If you compare Node to an Apache/PHP setup the latter is really just equivalent to having a simple Node server that sends each incoming request to it’s own process which is terminated after the request has been handled.

You can make that setup in Node if you wish, and in many cases something like that is probably a good idea. The great thing about Node is that you can break this pattern, you could for instance have the main process or another permanent process do session handling before a request is passed to it’s handler.

Node is a very flexible tool, that is good if you need this flexibility, but it takes some skill to handle.


Exceptions don’t crash the server, they raise exceptions.

Errors in node.js that bring down the entire process are a different story.

Your best bet (which you should do with any technology), is just test it out with your application as soon as possible to see if it fits.


An uncaught exception will, if not caught, crash the server.
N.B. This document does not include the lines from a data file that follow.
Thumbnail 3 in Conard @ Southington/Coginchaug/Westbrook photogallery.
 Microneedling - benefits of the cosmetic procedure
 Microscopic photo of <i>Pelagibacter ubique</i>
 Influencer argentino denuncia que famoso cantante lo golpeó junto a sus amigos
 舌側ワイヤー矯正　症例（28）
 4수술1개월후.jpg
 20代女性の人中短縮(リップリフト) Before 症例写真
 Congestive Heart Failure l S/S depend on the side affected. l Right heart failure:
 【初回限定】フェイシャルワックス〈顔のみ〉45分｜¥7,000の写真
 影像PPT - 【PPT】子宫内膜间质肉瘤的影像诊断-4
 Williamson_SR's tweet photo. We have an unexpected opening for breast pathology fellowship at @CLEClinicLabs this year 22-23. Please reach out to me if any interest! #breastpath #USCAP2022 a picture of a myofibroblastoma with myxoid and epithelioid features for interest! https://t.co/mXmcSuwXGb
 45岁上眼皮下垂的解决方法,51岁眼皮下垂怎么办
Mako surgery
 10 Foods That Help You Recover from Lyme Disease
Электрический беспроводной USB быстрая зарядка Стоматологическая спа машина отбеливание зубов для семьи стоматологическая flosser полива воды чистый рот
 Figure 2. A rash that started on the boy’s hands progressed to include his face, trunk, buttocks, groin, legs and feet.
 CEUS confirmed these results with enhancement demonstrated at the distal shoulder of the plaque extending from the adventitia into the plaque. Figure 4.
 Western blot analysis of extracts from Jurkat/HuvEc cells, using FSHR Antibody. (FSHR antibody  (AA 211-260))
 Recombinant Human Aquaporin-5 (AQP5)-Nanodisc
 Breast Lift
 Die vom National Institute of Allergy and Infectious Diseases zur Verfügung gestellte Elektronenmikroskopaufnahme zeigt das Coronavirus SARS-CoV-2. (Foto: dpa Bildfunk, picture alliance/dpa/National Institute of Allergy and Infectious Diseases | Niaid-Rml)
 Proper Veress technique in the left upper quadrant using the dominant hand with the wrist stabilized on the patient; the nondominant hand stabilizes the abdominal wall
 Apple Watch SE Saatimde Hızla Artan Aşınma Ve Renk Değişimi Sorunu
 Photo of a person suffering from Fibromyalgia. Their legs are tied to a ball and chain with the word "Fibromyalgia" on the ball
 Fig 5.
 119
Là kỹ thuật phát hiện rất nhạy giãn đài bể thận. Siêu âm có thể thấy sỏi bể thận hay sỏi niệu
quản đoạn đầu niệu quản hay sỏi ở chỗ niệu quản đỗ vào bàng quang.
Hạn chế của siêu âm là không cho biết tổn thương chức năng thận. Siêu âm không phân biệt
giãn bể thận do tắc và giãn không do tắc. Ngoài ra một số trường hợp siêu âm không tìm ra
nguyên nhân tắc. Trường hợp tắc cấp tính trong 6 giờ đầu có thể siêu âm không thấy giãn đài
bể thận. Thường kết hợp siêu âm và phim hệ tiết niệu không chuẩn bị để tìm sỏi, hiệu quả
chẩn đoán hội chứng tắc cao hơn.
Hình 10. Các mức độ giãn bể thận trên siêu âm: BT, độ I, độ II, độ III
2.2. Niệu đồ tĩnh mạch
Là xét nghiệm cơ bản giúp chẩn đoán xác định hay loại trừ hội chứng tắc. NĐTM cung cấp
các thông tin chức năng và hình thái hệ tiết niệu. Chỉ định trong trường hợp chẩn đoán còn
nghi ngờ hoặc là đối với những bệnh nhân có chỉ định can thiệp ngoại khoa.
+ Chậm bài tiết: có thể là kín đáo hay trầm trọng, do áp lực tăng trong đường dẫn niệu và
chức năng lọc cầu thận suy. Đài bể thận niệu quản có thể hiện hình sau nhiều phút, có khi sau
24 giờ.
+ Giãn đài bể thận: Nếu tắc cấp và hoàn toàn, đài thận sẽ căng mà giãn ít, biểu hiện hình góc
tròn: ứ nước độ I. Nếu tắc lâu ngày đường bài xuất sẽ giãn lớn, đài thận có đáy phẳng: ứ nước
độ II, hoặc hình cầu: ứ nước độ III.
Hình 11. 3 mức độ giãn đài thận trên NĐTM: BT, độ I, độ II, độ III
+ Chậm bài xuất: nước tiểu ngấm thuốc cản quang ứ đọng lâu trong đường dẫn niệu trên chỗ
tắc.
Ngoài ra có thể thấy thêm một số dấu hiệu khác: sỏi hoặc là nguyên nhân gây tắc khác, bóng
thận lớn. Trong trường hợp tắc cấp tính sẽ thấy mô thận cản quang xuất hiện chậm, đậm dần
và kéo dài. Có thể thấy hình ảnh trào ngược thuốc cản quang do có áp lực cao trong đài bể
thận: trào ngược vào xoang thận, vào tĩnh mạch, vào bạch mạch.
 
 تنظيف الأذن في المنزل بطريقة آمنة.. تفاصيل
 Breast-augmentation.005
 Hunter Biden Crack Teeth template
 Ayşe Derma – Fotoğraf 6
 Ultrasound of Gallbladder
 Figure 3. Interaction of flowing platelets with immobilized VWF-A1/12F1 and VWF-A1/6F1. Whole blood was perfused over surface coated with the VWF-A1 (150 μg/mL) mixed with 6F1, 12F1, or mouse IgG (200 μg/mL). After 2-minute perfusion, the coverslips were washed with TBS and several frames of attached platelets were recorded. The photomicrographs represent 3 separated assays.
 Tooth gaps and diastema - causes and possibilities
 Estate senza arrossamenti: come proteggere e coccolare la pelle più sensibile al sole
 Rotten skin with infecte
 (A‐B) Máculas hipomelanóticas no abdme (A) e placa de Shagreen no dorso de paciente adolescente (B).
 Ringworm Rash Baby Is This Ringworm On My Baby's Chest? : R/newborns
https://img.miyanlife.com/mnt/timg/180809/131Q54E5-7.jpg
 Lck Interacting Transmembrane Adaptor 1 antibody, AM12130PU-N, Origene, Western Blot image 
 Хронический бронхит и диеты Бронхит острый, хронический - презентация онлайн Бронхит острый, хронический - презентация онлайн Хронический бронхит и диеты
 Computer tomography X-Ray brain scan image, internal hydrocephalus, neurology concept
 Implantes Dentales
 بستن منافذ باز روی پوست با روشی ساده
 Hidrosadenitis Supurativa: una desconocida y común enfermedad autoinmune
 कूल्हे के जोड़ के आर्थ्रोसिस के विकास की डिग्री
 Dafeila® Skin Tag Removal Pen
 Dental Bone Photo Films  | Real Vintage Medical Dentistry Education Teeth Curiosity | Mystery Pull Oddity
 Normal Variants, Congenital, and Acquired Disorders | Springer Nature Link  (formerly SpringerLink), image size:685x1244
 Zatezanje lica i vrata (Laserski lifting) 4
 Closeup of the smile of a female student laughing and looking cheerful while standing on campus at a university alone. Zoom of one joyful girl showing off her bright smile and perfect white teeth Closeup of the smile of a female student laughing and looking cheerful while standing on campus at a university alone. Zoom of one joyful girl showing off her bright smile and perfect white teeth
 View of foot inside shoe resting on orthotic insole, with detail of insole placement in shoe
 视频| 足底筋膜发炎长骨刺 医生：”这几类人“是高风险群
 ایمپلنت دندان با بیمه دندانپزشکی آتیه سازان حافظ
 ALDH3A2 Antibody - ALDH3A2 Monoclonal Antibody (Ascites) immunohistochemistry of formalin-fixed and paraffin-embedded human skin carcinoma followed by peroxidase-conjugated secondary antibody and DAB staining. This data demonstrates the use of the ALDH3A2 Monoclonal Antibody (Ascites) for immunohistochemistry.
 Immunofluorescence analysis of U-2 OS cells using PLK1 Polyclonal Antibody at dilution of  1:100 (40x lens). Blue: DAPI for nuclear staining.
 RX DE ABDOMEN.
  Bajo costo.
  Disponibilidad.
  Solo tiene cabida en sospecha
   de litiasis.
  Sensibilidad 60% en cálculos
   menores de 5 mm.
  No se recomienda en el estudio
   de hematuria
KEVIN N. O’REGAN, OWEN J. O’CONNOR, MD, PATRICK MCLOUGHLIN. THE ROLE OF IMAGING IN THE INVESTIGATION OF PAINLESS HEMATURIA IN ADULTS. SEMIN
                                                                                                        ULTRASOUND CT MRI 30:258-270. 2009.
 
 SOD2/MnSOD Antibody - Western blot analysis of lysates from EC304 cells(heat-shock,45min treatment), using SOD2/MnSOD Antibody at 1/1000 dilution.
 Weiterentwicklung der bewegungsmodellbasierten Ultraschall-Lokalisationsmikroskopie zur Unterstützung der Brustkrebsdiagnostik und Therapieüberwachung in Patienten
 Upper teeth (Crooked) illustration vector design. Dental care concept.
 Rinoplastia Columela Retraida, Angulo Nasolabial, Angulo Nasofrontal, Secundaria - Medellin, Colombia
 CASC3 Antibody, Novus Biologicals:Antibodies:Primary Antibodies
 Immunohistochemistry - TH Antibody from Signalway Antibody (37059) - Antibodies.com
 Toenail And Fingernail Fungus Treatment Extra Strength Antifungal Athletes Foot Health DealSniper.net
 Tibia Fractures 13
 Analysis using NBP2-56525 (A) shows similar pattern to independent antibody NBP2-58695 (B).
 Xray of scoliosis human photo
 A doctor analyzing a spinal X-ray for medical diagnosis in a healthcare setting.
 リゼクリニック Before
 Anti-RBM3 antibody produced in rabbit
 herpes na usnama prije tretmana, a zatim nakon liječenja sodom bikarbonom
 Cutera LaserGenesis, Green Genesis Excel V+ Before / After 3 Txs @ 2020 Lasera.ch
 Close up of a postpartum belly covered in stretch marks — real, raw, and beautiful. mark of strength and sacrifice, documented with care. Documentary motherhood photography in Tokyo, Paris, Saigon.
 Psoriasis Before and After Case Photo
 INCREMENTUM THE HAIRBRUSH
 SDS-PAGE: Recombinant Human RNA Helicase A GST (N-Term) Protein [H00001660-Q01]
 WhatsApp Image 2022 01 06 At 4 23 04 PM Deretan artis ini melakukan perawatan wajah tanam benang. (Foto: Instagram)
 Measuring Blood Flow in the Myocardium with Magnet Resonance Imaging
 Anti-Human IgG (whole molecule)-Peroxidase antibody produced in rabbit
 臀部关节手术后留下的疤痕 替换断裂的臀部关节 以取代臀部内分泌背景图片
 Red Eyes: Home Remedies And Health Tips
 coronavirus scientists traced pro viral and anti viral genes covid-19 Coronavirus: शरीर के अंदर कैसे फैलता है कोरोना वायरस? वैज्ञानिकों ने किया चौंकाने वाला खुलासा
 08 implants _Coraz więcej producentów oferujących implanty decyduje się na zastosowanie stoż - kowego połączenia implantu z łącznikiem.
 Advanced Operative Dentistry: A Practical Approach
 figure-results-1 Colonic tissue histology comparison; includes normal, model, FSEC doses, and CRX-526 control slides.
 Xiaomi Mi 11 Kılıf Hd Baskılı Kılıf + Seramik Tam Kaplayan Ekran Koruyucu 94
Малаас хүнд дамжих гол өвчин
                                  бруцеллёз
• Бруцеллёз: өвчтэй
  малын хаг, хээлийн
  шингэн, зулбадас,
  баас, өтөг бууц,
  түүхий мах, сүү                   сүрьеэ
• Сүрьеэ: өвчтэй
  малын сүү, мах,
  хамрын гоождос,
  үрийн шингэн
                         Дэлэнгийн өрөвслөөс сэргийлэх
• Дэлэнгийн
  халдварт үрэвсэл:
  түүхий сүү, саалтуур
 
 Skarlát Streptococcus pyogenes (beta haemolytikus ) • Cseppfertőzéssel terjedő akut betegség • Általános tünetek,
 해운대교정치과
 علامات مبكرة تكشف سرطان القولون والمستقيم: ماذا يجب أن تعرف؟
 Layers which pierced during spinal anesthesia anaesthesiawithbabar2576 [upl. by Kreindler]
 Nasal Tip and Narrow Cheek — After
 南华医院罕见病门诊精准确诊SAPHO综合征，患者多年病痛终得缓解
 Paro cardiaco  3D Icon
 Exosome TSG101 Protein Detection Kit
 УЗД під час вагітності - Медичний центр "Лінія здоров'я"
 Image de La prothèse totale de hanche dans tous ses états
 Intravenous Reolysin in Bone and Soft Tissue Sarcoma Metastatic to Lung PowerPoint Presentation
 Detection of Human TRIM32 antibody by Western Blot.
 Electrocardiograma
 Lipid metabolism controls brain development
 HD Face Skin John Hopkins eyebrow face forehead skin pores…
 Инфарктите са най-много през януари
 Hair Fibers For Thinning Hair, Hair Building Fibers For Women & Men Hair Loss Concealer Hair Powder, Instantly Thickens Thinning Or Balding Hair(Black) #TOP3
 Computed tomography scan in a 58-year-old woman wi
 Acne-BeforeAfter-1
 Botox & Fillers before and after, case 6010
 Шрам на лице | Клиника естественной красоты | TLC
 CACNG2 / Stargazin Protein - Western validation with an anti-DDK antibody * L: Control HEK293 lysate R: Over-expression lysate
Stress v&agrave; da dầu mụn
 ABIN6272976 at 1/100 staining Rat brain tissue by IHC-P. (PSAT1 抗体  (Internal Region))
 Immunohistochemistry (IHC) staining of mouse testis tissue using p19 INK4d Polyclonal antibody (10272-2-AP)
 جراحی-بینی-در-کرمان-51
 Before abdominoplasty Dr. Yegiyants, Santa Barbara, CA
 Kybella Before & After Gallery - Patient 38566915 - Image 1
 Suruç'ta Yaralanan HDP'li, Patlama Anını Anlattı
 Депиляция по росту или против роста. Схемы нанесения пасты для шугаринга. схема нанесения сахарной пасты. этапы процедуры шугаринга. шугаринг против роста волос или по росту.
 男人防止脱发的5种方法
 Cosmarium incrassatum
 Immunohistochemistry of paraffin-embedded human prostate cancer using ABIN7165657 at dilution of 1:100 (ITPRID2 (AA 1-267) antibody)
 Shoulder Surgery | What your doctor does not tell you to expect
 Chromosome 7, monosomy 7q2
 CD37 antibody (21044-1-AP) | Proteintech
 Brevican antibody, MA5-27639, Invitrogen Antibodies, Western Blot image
Something like calling a misspelled function. I use process.on('uncaughtException') to capture such exceptions. If you use this then, yes, the error sent to process.on('uncaughtException') is less informative.

I usually include a module like nomnom to allow for command-line flags. I include one called --exceptions which, when set, bypasses process.on('uncaughtException'). Basically, if I see that uncaught exceptions are happening then I, in development, start up the app with --exceptions so that when that error is raised it will not be captured, which causes Node to spit out the stack trace and then die. This tells you what line it happened on, and in what file.

Capturing the exceptions is one way to deal with it. But, like you said, that means that if an error happens it may result in users not receiving responses, et cetera. I would actually recommend letting the error crash the server. (I use process.on('uncaughtException') in apps, not webservers). And using forever. The fact is that it is likely better for the webserver to crash and then expose what you need to fix.

Let’s say you used PHP instead of Node. PHP does not abruptly crash the server (since it doesn’t really serve). It spits out really ugly errors. Sure, it doesn’t result in a whole server going down and then having to come back up. Nobody wants their clients to have any downtime. But it also means that a problem will persist and will be less noticeable. We’ve all seen sites that have said errors, and they don’t get patched very fast. If such a bug were to take everything down for one small blip (which honestly its not all that bad in the larger picture) then it would surely call attention to itself. You would see it happen and would track that bug down.

The fact is that bugs will exist in any system, independent of language or platform. And it is arguably better for them to be fatal in order for you to know they happened. And over time it causes you to become more aware of how these error occur. I don’t know about you, but I know a lot of PHP devs who make the same common mistakes time after time.